Spirituality

Are You Lonely?

Are you feeling lonely right now? As we go down this road of sheltering in place, it would be unusual if we weren’t feeling isolated.Even in my retired state, I’m used to being around people at church and the gym. I find I’m missing the little conversations with store clerks and restaurant workers.

I don’t usually like to admit to being lonely, but right now I’m feeling cut off. But I’ve had lonely times in my life before and I’m sure I’ll have more.

Last summer I was reminded of one of the loneliest times in my life. I was in Birmingham for the Cooperative Baptist Assembly annual meeting and stayed in a hotel right down the street from an apartment building where I lived in the winter and spring of 1985. I was fresh out of seminary and moved there to be in a chaplaincy training program at the Baptist Medical Centers.

My apartment was a one room furnished efficiency in an old building right behind the Five Points area of downtown Birmingham. I walked the few blocks there from my hotel and was amazed at how little had changed in the thirty-four years since I left. In fact, there was still a record store below the building!

My apartment was on the 2nd floor, far left corner.

Standing on the sidewalk looking up at my old apartment window brought back many feelings. That winter of 1985 was the first time in my life that I was not in a school setting, surrounded by others my same age and with similar interests. Facebook, cell phones and free long distance had not yet been invented, so keeping in touch with friends and family was difficult. I was excited for the new adventure, but I was not prepared for how alone I would be.

Monday through Friday I was busy with my Clinical Pastoral Education group at the hospital, but I left on Friday afternoons feeling terrified at the long empty weekend stretching before me. I took myself out to eat, read, wrote some letters, and watched a few shows on my tiny borrowed black and white television. I visited a few churches, but going by myself made me feel more alone.

I look back now on that winter as one of the wilderness times in my life. Like the Israelites wandering for forty years in the desert or Jesus battling the Devil for forty days and nights, times in the wilderness cause us to struggle. But they can also be sweet times with God. I learned some things about getting through loneliness that continue to help me in the down times that still occur.

First, I’ve learned to lean into my loneliness. Often our first reaction when loneliness comes is to find something to do and people to be around. While there are definitely times when I need people, sometimes there may be other things going on. I need to have some quiet time to listen to my heart and to hear what God is trying to tell me.

So, when depression creeps in, I take an inventory.
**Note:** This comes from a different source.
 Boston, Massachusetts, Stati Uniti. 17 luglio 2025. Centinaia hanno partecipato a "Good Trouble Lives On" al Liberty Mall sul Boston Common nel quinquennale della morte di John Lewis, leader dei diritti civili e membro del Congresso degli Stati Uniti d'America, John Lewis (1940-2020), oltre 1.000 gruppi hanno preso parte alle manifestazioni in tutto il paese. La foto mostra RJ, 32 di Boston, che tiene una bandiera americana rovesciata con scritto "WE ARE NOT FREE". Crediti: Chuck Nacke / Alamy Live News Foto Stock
An easy self-assessment tool is called HALT: am I Hungry, Angry, Lonely or Tired? If the answer is yes to any of these questions, I meet the physical needs and then take the emotional ones to God.

Have I had changes in my life that are causing me to grieve? Am I angry at someone? Am I overworked? Recognizing any of these and taking them to the Lord takes the pressure off. Praying gives me perspective.
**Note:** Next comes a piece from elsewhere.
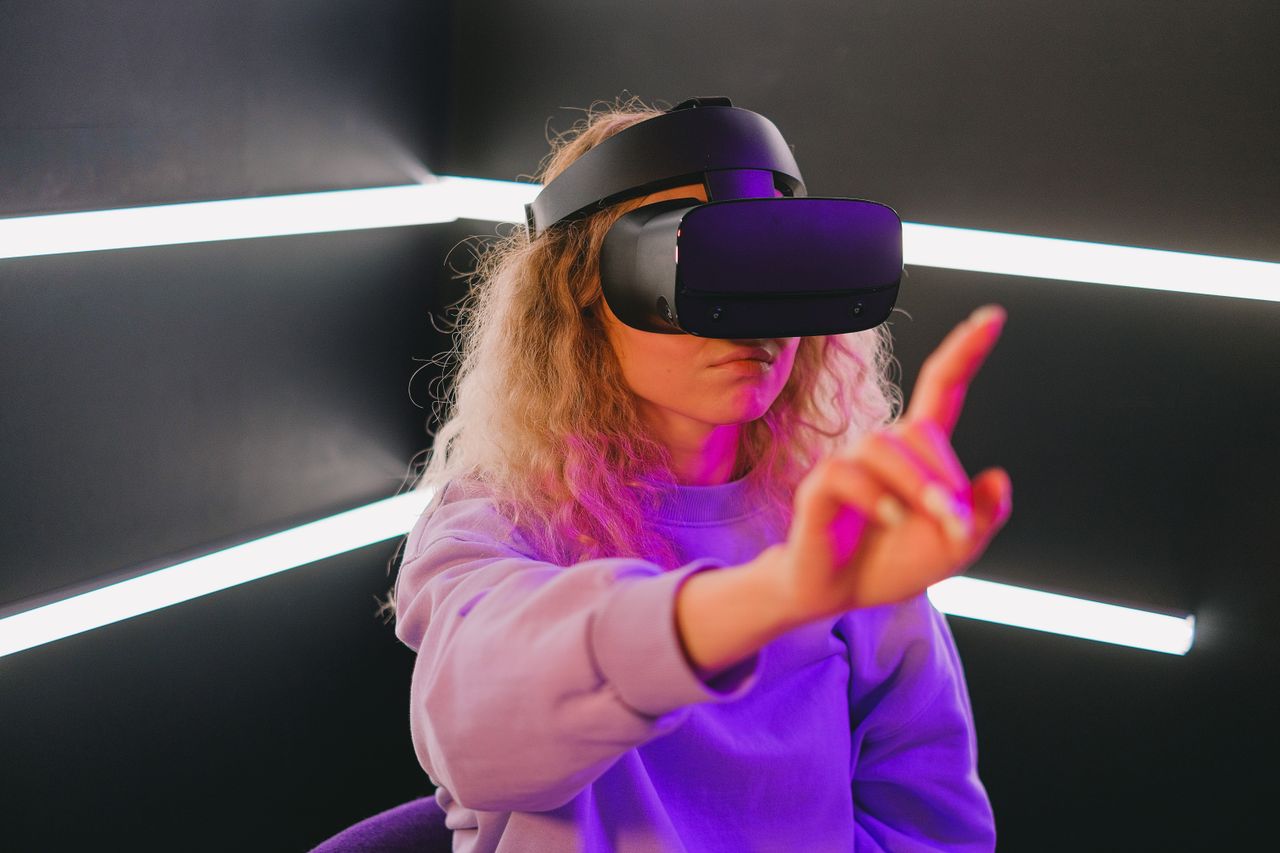 Young woman interacting with VR headset in a modern game room with neon lighting.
Secondly, my time in Birmingham taught me that I need people and that I must be proactive in finding friends. When I was in school, friends were always close by, but life changed when I was on my own.

Since retiring last year, I’ve made a point to go to an exercise group at the gym, be involved at my church and make lunch dates. But I’ve also learned that when I feel loneliness creeping in, I need to get outside if at all possible!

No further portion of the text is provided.